So I don't really do these as a standard anymore, as Sunday is one of my days off in the week and I've usually got shed loads to do (I say this whilst the pile of work clothes is sat looking at me needing to be washed...) but I thought I'd take a bit of time out from my busy day to do a little blogging without having to wait years to upload photos!
- I've done lots of clothes shopping this week and this means that I can finally have a bit of an organise of my remaining clothes. I really do need to get rid of quite a few bits as I've just been keeping them for so long even though they look crap on me! I'm a hoarder by nature clearly!! It'll be nice to have a reorganisation day today.
- I have a brand new shiny counter at work!! My new area manager came down on Friday (7.30am work start...lovely...She did buy us coffee and breakfast though so that was nice!) and we re-merchandised the WHOLE area. It looks so swish and pretty but I kind of wish the eye shadows were at the front because they are really eye catching in their new section! But this does mean that I feel like it's my own proper counter now and I can sort it out to be how I want it to be. The counter before had been in a different store before mine so this one really feels like a brand new shiny job! I really like it, but the lack of a drawer for paperwork is kind of annoying because I now have to keep it in the cupboards behind but that's only a really tiny annoyance! We've got a gala night at work on Tuesday so I'm really excited to have a new counter!
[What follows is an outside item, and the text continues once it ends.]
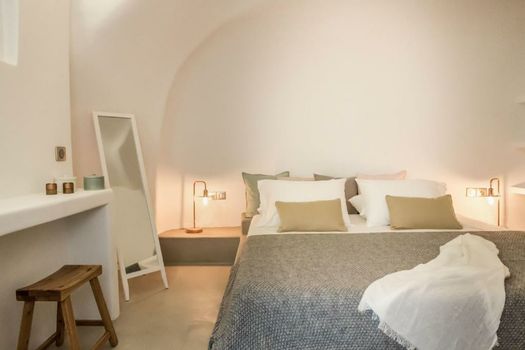 Cleo's Dream Villa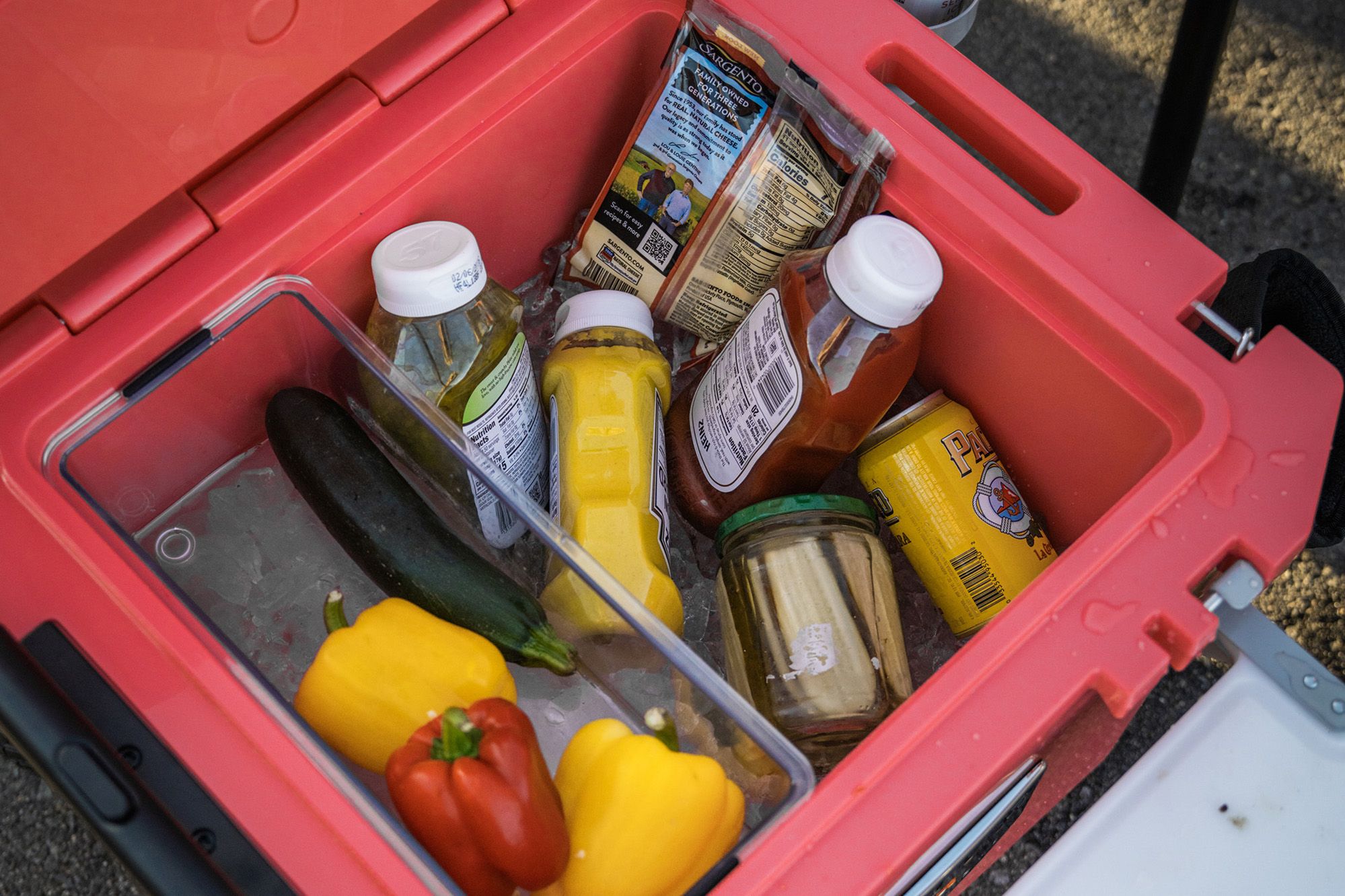 RovR RollR 45 Wheeled Cooler product image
- I've been so busy at work this week with my hours and new counter etc. but I've actually also been bale to find time to see friends and catch up, which has been nice! I'm out again this evening as well which is nice as I'll get to hang out with one of my work friends outside of work, instead of having to chat across the store! I'm really looking forward to it.
- I got my International Christmas Beauty Blogger match this week too. I got the lovely Neeka from Australia and I'm so excited to start shopping for her! I don't know much about Australia own cosmetics so couldn't think of anything specific to ask for, so if you guys have any ideas then leave me a comment so I can email her about it! I love buying presents and love sending off packages to people as surprises! I'm so so excited!!
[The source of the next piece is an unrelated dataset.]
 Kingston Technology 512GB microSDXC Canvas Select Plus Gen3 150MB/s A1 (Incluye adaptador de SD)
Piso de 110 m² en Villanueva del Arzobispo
- I got my haircut this week into a fairly different style for me. I have short hair anyway but I was open to trying something a bit different this time round and it resulted in my having half my hair shaved off!!! I was a bit worried (and cold) to start off with, but it's actually growing on me quite a bit. I'm still not 100% sure I can pull it off but I'm certainly going to try! I'll post a picture soon to show you guys what I mean about not being 100% sure and you can give me constructive feedback! Haha!
- This week has been so hectic at work, I've been really tired. It's been nice to see friends and stuff but I do feel like I'm a bit run down. I don't think it helps that I had my flu jab yesterday (I have to have it because I have asthma....a lovely jab in the arm to wake you up before work!) and having the jab always makes me feel a bit blah for the next few days. Hopefully I'll sleep well tonight and be invigorated for work on Monday and gala night on Tuesday!
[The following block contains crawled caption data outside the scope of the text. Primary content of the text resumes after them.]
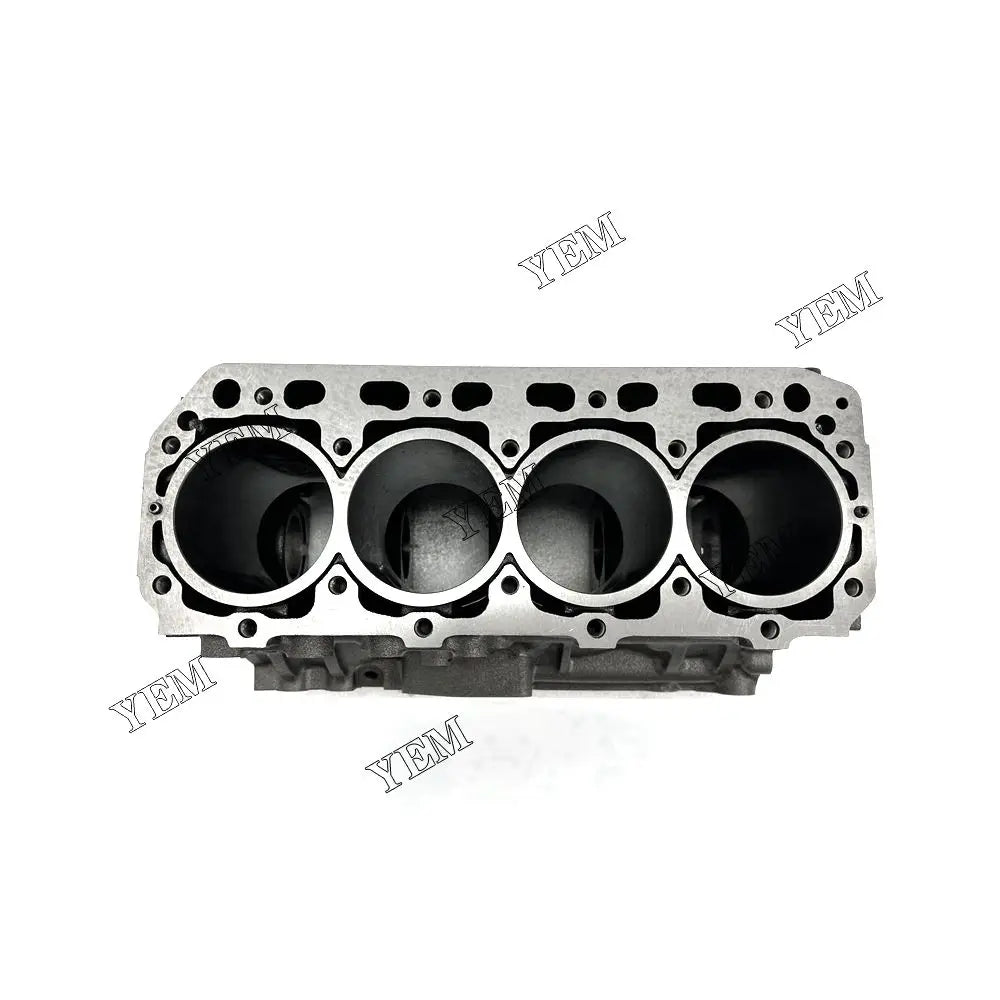 competitive price cylinder short block For Yanmar 4TNV86 excavator engine part YEMPARTS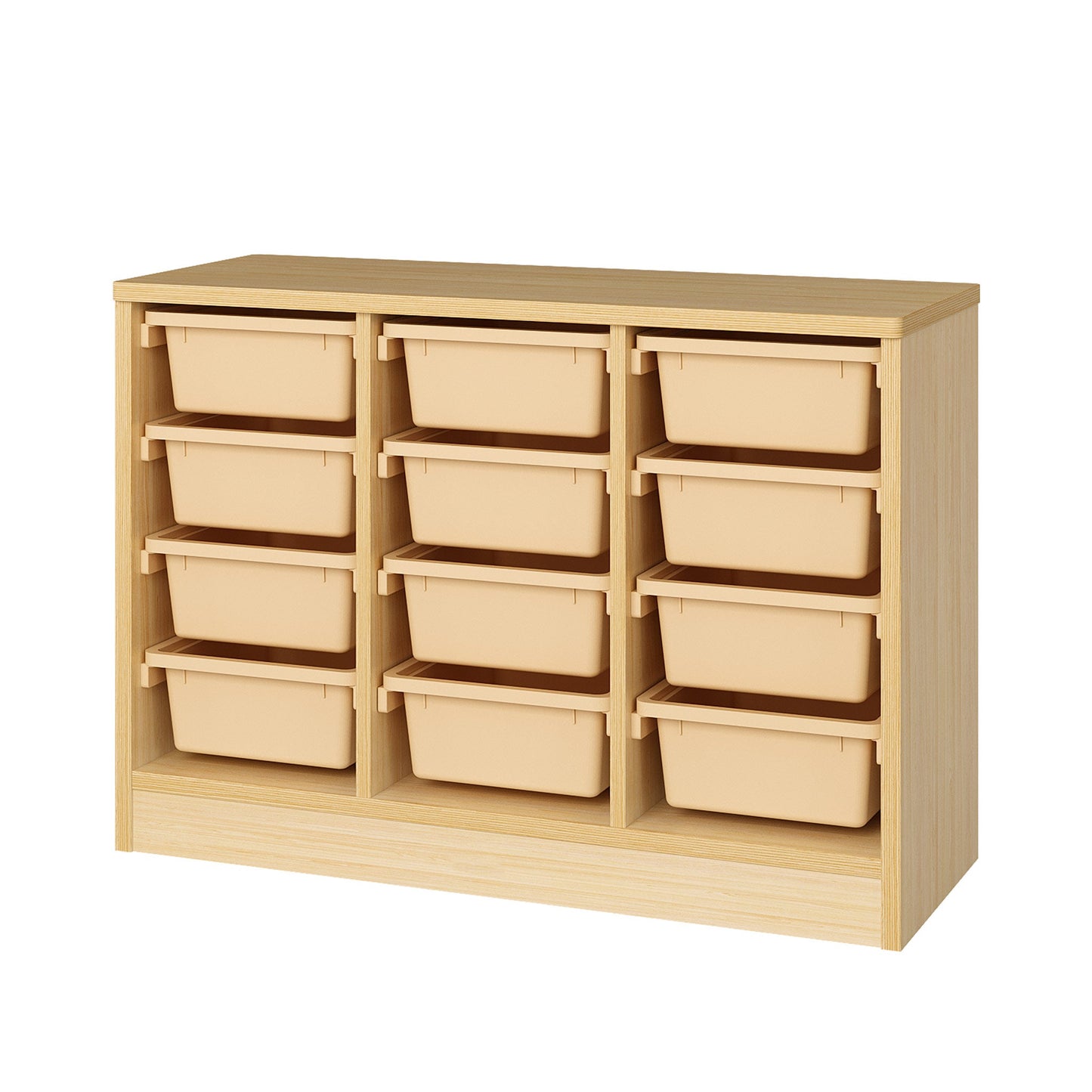 Tray Storage Unit (12 Trays)  - The Ministry of Outdoor Education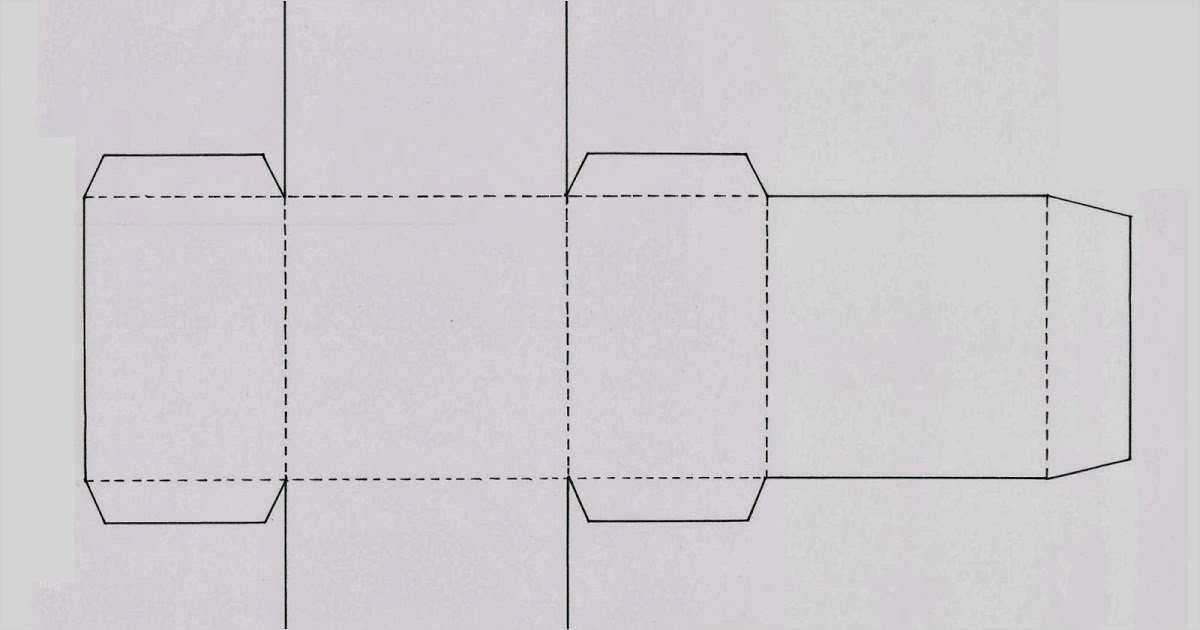 Faltschachtel Vorlage Einzigartig Die Selbstmacher Geschenkschachteln Selbst Falten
- This is actually both a pro and a con...I'm putting it in the con section because I needed more cons for this week! Haha! Anyway, Mr "I'm so perfect and you're totally mental Robyn" tried to make me feel all mental again at the beginning of this week and I'd finally had enough of it (only took me 2 and half years!) I may have sent a huge ranting text about what a twat he was and I've not heard from him since. It kind of sucks because he was a big part of my life but at the same time, if he thinks it's ok to be a twat then screw it. The worst part is the feeling of worthlessness because he didn't reply and therefore I feel like I'm not even worth a goodbye. Which annoys me because I'm an awesome person really. I may have depression but when it flared up last week and I told him this, he didn't even ask if I was ok. It's a big deal for me to actually tell someone that I'm feeling a little bit overwhelmed and if I do say to any of my friends about it they always ask if I'm ok and he didn't so I clearly don't mean much to him. I get that my depression can be annoying and a burden etc. but I was always there for him when he was depressed so frankly he can just fuck off. Haha! It's been a tough week, and my self harm came back into play about a week and a bit ago and has since escalated a little, which is very frustrating for me, but I'm better than this and I deserve to have someone who will at least care enough to ask if I'm ok if I say about my depression flaring up a bit. I know we were no longer dating but he always used to say about how we're such good friends and I'm so tired this week that I think I just got tired of all the bullshit. I will miss him but I don't think he'll ever talk to me again because he's a stubborn man who doesn't like it when people point out that sometimes he's a twat and sometimes it isn't me. (I mean, sometimes it is me but not always yeah?) Anyway, there is my woeful tale of losing a "friend"....on the plus side there's still time to return the presents I'd already got him for Christmas!....Also I'd got this outfit from Ann Summers that would've blown his mind...so basically it sucks to be him! Haha!! I know that may sound harsh but I need humour to get me through the slightly weepy times!
So there is my week in a nutshell for you. It's been a pretty good week and I may well have to take a picture of my shiny new counter for you guys to have a little look! How have you all been?